Es wäre ein Comeback zurück ins Rampenlicht. Denn nachdem Pilloud 2011 erstes weibliches Mitglied der SBB-Konzernleitung geworden war und sieben Jahre lang die Division Personenverkehr geführt hatte, degradierte man sie vor einem Jahr zur Delegierten für die ÖV-Branchenentwicklung.
Ein Abstellgleis, das Platz schaffte für Neues: Im Juni 2018 nahm sie Einsitz im Verwaltungsrat des IT-Unternehmens Innovation Process Technology (IPT). Nach ihrer Wahl liess sich Pilloud so zitieren: «Ich will mithelfen, IPT mit ihrem grossen Talentpool nachhaltig weiterzuentwickeln und auch dabei unterstützen, interessante Kundenprojekte anzugehen und zu akquirieren.»
Gab es Überschneidungen?
Das Pikante daran: IPT arbeitet eng mit den SBB zusammen. Auf der Homepage heisst es: «Die SBB ist ein langjähriger Kunde der IPT. Vor allem im Bereich der Modernisierung der Kundeninformationssysteme haben wir die SBB ca. 3 Jahre lang (...) beraten und bei der Implementierung unterstützt.» Ein Meilenstein in der Beziehung sei der Zuschlag als strategischer Integrationspartner gewesen.
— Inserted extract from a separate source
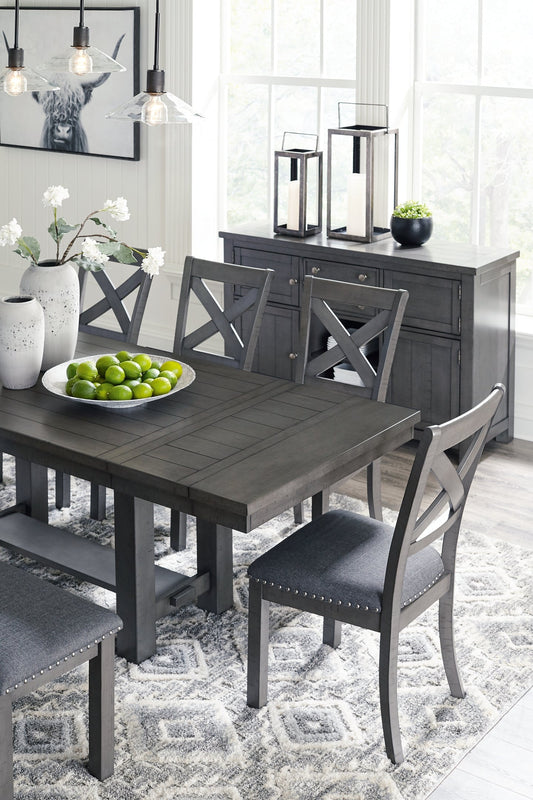 Myshanna Dining Table and 6 Chairs and Bench with Storage at Towne & Country Furniture (AL) furniture, home furniture, home decor, sofa, bedding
Pilloud wird die SBB zwar im ersten Halbjahr 2019 endgültig verlassen. Dennoch stellt sich die Frage: Hat sie etwa schon während ihrer Zeit als Leiterin Personenverkehr Kundenprojekte für IPT akquiriert? Wie kam der Kontakt zum Zuger KMU zustande? Und ganz generell: Ist es angebracht, dass (ehemalige) Mitglieder der SBB-Konzernleitung für Firmen arbeiten, die von den Bundesbahnen Aufträge erhalten haben?
Sprecher Christian Ginsig sagt dazu, es sei nicht unüblich, dass SBB-Konzernleitungsmitglieder Verwaltungsratsmandate bei Drittfirmen ausführten. «Dabei sind sie selbstverständlich verpflichtet, jegliche Interessenkonflikte zu vermeiden und jederzeit die Vertraulichkeit zu wahren.»
«Ein übliches Vorgehen»
Falls im Rahmen der Verwaltungsratstätigkeit Geschäfte besprochen werden, die den eigenen Arbeitgeber betreffen, müssten diese Personen in den Ausstand treten. «Ein übliches Vorgehen bei Verwaltungsratsmandaten», so Ginsig. Weiter betont er, dass für die SBB die Vorgaben des öffentlichen Beschaffungsrechts gelten und Ausschreibungen dementsprechend nach klaren gesetzlichen Vorgaben abgewickelt werden.
Auch IPT verweist darauf, dass man von den SBB in einem öffentlichen Auswahlverfahren ausgewählt worden sei. Doch wie viele SBB-Aufträge hat IPT in der Ära Pilloud erhalten?
Welches Volumen hatten diese Aufträge? Und in welcher Form hatte IPT mit der ehemaligen Personenverkehrschefin zu tun, als diese noch im Amt war? Diese Fragen bleiben unbeantwortet. «Informationen zu Verträgen mit unseren Kunden geben wir nicht bekannt», so IPT-Verwaltungsratspräsident Marianus Papiernik (57).
Jeannine Pilloud selbst wiederum betont: «Ich kann nur unterstreichen, dass ich in meiner Funktion als SBB-Delegierte des öffentlichen Verkehrs keinen Einfluss auf die Beschaffungsgeschäfte von IT habe.» Die strengen Compliance-Vorgaben würden rigoros gehandhabt. Zudem sei sie während ihrer Funktion als Leiterin Personenverkehr noch nicht im Verwaltungsrat von IPT gewesen.